**DATA TO USE:**
Segment Open
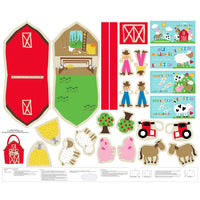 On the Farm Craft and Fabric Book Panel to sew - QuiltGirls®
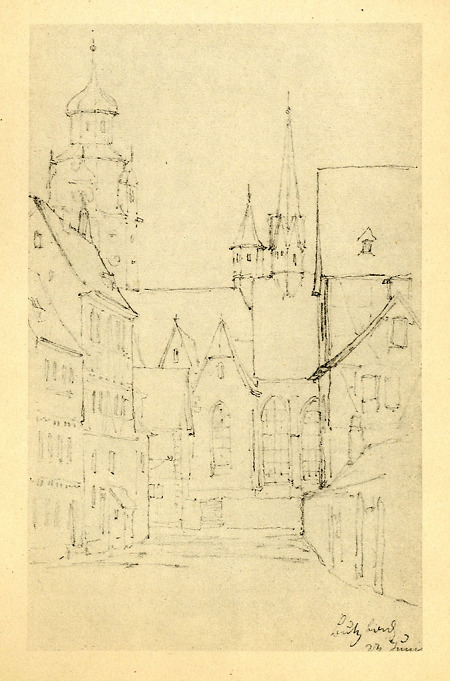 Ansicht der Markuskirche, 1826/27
Segment Closed
Segment Open
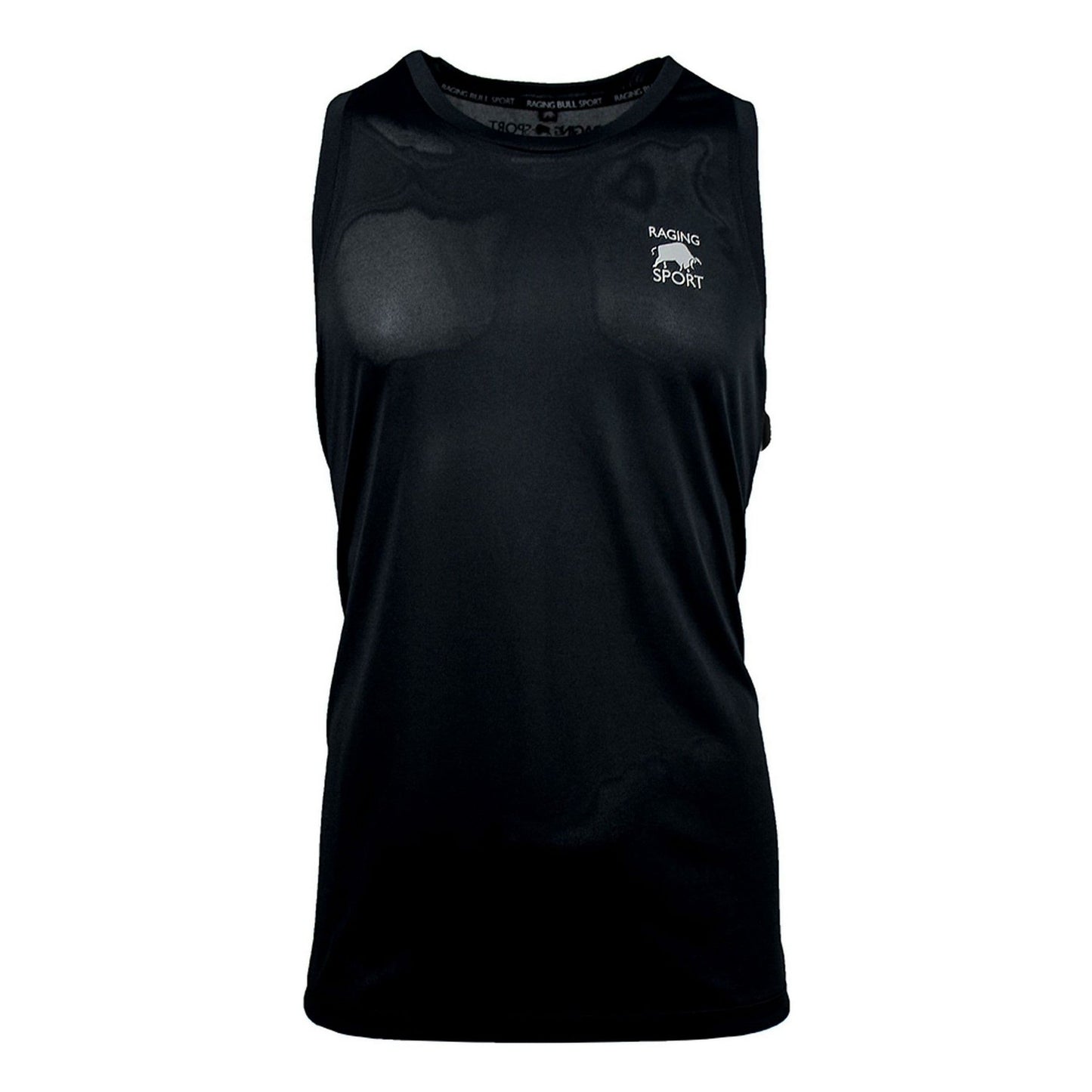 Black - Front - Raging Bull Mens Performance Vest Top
Segment Closed
Segment Open
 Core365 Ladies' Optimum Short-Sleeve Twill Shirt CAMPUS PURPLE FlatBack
Segment Closed
**WORK REQUEST:**
Where a picture appears in the records above, omit it, and transcribe exactly the stretch of lines from the one with "On the Farm" through the one with "Ansicht der Markuskirche, 1826/27".

**THE COMPLETED TASK:**
 On the Farm Craft and Fabric Book Panel to sew - QuiltGirls®
 Ansicht der Markuskirche, 1826/27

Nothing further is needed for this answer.